_SOURCE MATERIAL:_
************

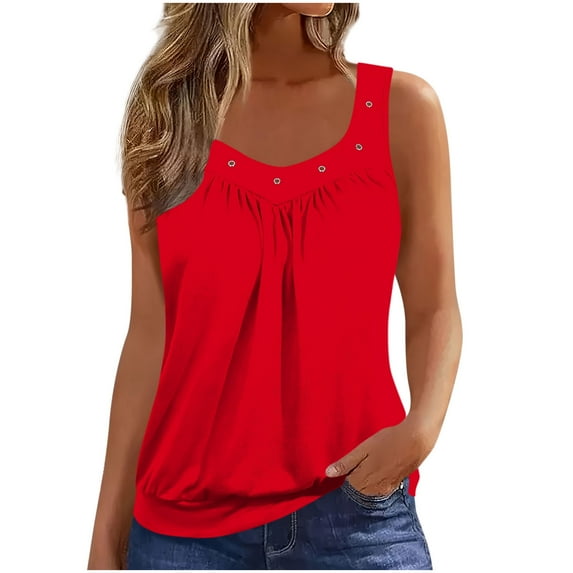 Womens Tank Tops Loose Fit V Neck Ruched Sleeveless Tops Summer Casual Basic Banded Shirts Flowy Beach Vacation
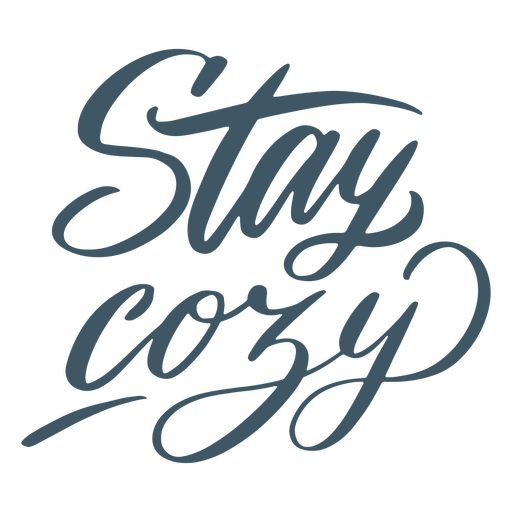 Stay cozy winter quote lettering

************

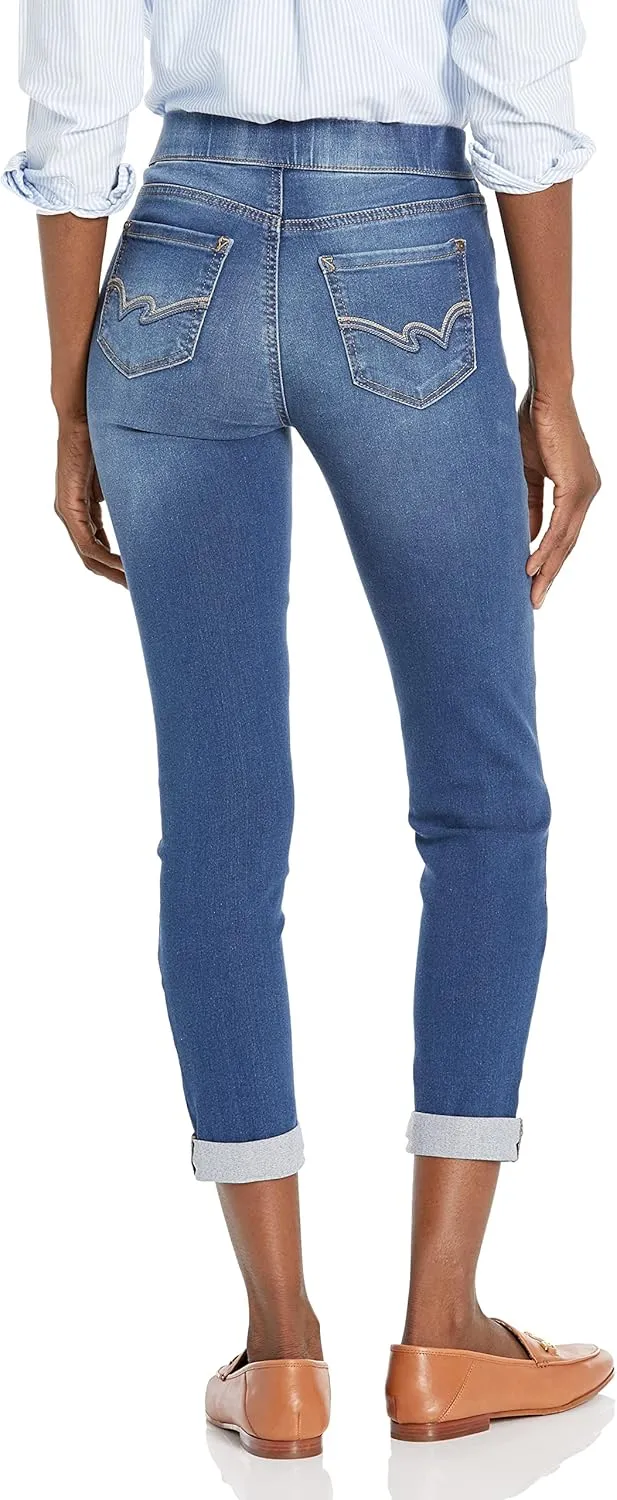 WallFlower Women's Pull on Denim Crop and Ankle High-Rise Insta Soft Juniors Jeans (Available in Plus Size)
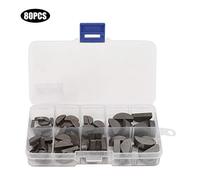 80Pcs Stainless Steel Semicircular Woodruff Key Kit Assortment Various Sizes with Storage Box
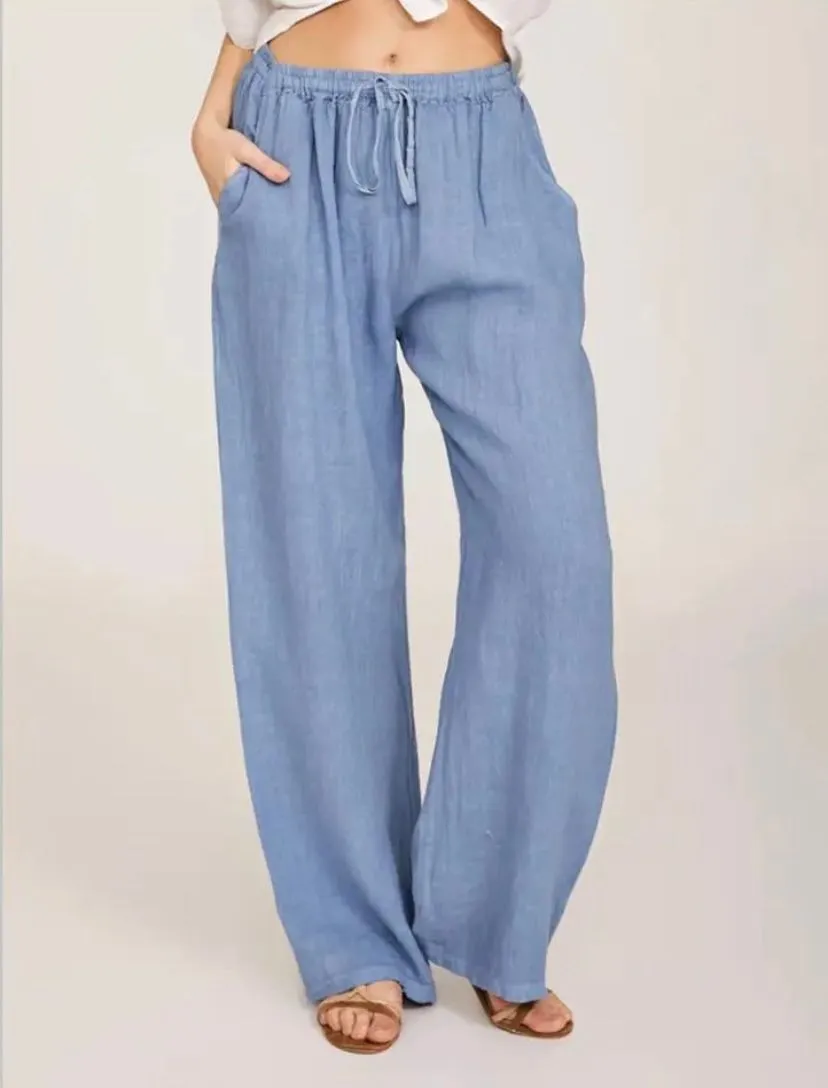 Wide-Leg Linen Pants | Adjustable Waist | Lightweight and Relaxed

************

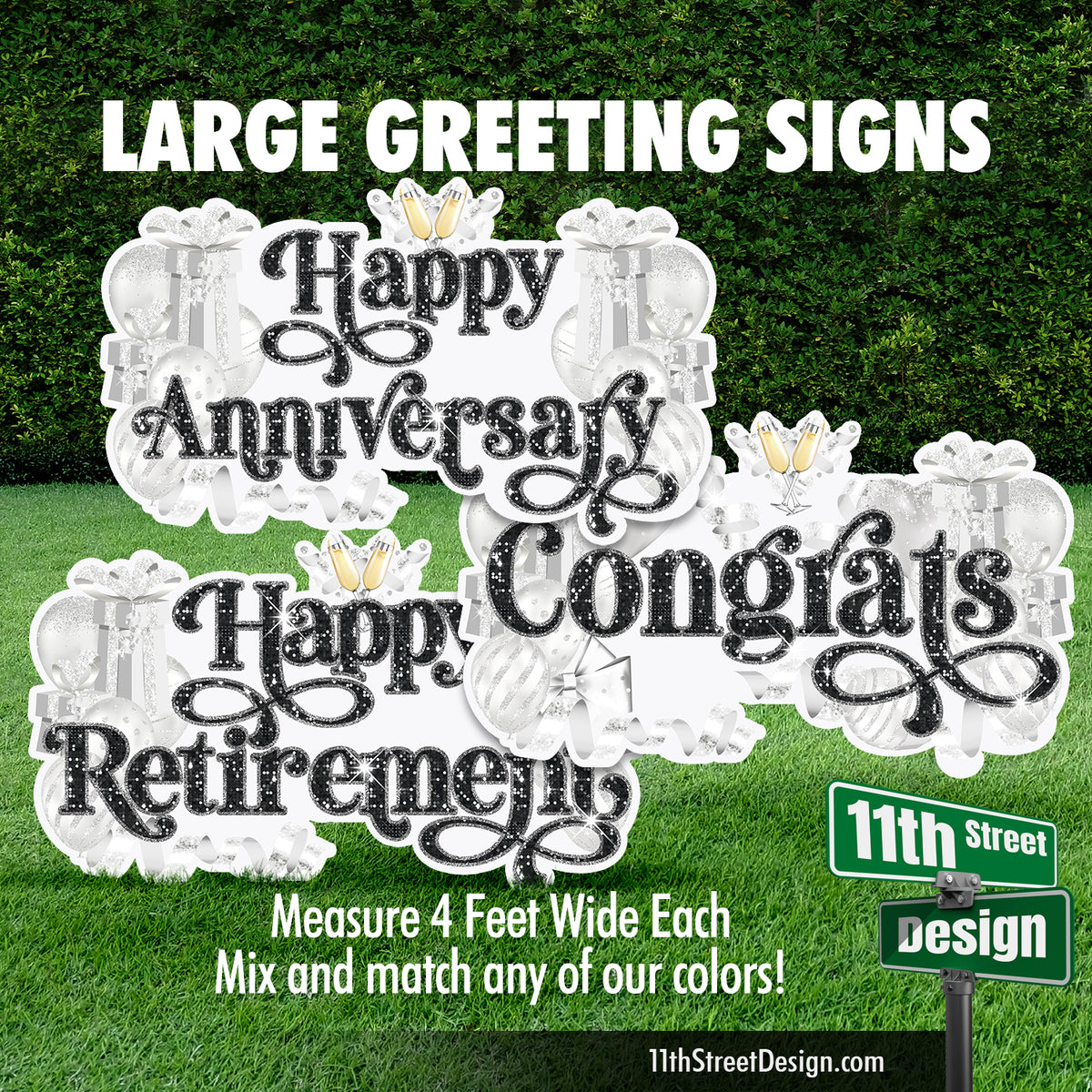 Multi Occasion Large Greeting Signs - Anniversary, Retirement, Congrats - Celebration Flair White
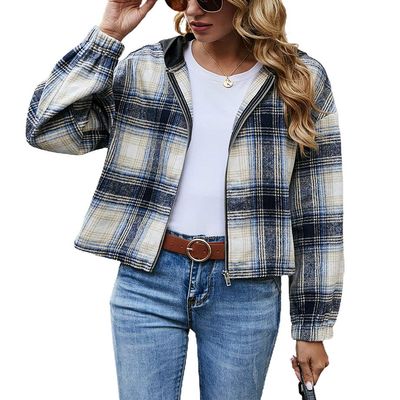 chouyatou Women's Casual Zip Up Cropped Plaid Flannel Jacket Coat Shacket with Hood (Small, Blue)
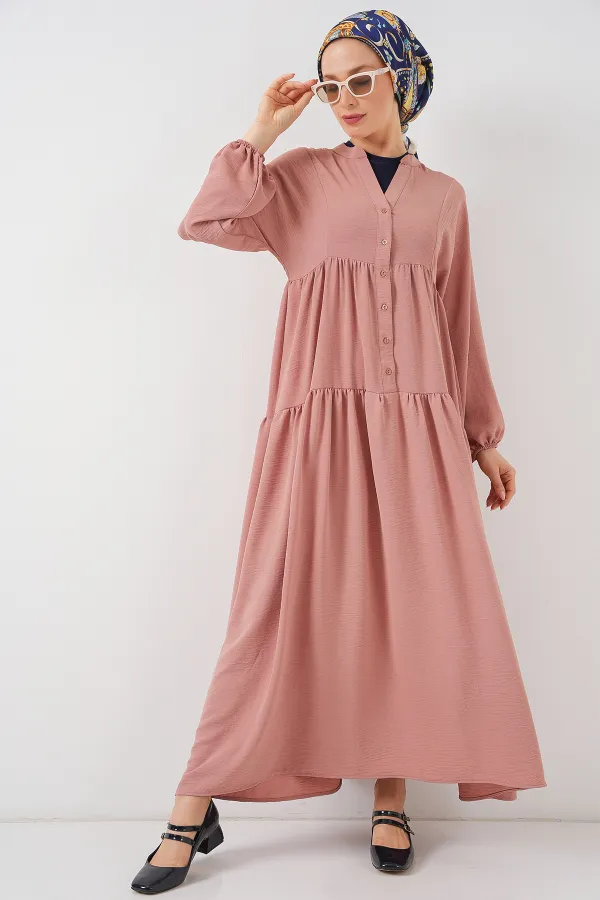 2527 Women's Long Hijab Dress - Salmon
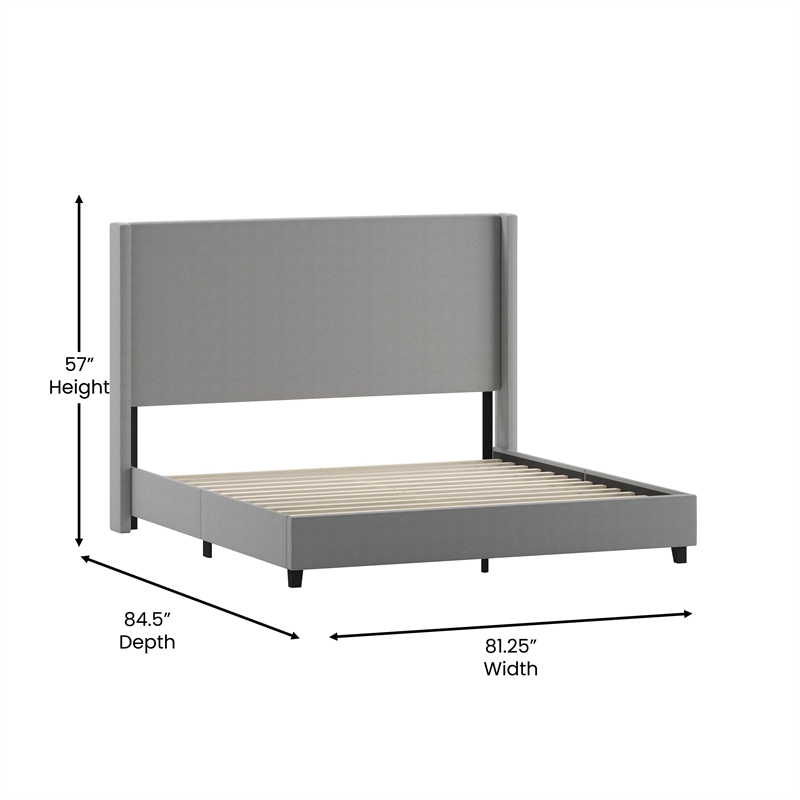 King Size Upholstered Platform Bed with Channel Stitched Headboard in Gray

************

_GOAL OF THE EXERCISE:_ The stretch to restate runs from the line above containing "chouyatou Women's Casual" through the line containing "King Size Upholstered". Copy it word for word, ends included, without pictures.

_SOLVED EXERCISE:_
 chouyatou Women's Casual Zip Up Cropped Plaid Flannel Jacket Coat Shacket with Hood (Small, Blue)
 2527 Women's Long Hijab Dress - Salmon
 King Size Upholstered Platform Bed with Channel Stitched Headboard in Gray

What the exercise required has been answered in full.